Address to the Devil
"Address to the Devil" is a poem by Scottish poet Robert Burns. It was written in Mossgiel in 1785 and published in the Kilmarnock volume in 1786. The poem was written as a humorous portrayal of the Devil and the pulpit oratory of the Presbyterian Church.
Content
It begins by quoting from Milton's Paradise Lost as a contrast with the first two lines of the poem itself:
O thou!

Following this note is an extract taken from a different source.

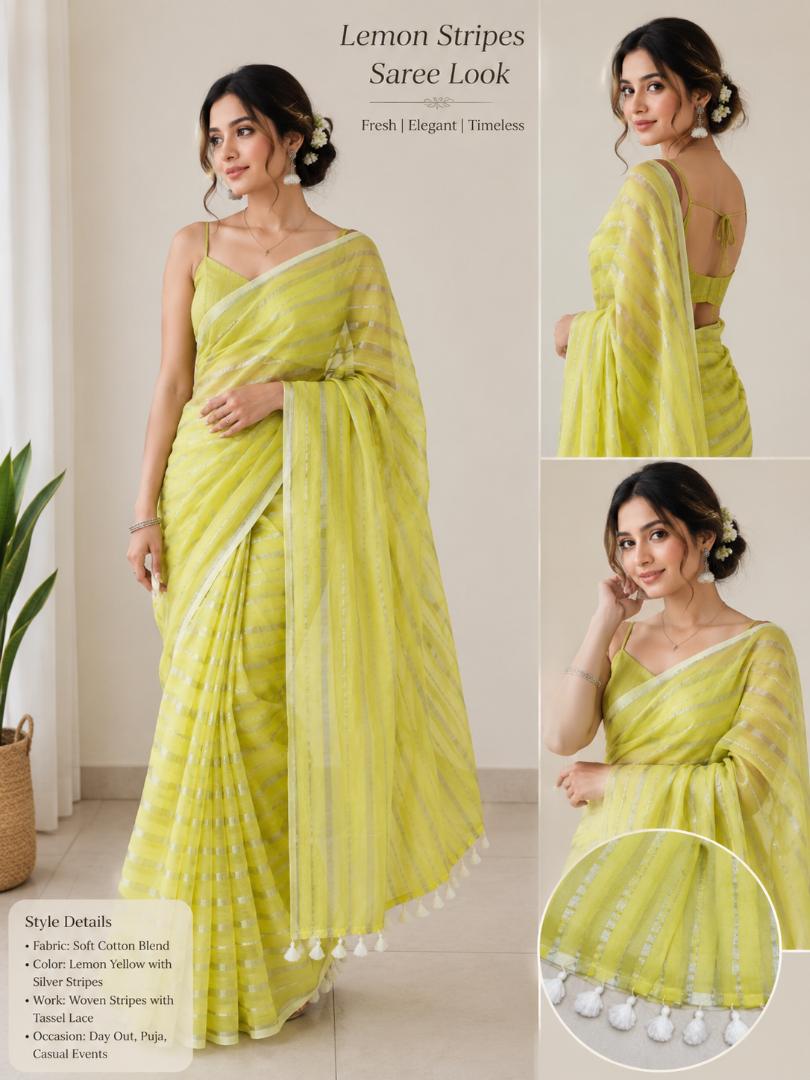 Mul Cotton Saree (lemon)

Whatever title suit thee,
Auld Hornie, Satan, Nick or Clootie
These lines are also a parody of a couplet in Alexander Pope's satire The Dunciad.
The poem was written in a Habbie stanza with the stanza six lines long and the rhyme scheme AAABAB. Burns used a similar stanza in Death and Doctor Hornbook.
The poem is also skeptical of the Devil's existence and of his intentions to punish sinners for all eternity as in the stanza.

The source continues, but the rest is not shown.